_Try it_
Set the listing down again in full, word for word, with the pictures left out.
*** Opening Data below ***
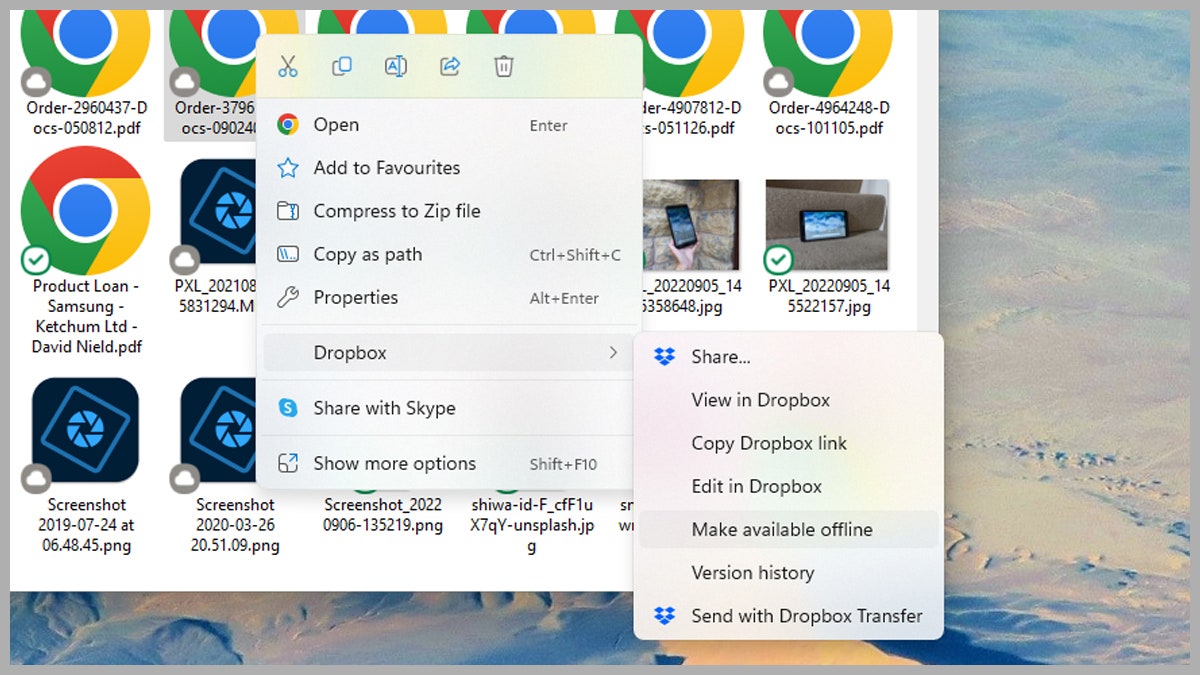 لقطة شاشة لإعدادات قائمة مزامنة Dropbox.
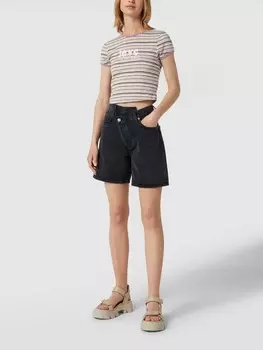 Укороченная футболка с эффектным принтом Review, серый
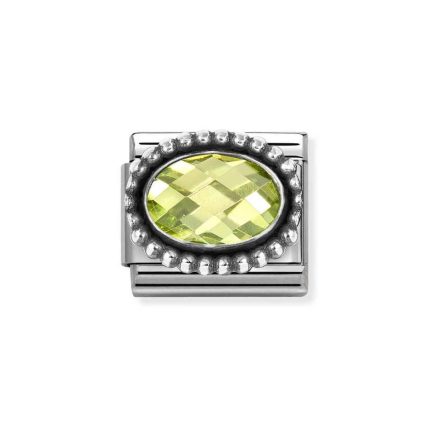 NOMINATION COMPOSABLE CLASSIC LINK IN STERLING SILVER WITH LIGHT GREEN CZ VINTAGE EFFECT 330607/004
*** Closing Data below ***
_Result of this task_
 لقطة شاشة لإعدادات قائمة مزامنة Dropbox.
 Укороченная футболка с эффектным принтом Review, серый
 NOMINATION COMPOSABLE CLASSIC LINK IN STERLING SILVER WITH LIGHT GREEN CZ VINTAGE EFFECT 330607/004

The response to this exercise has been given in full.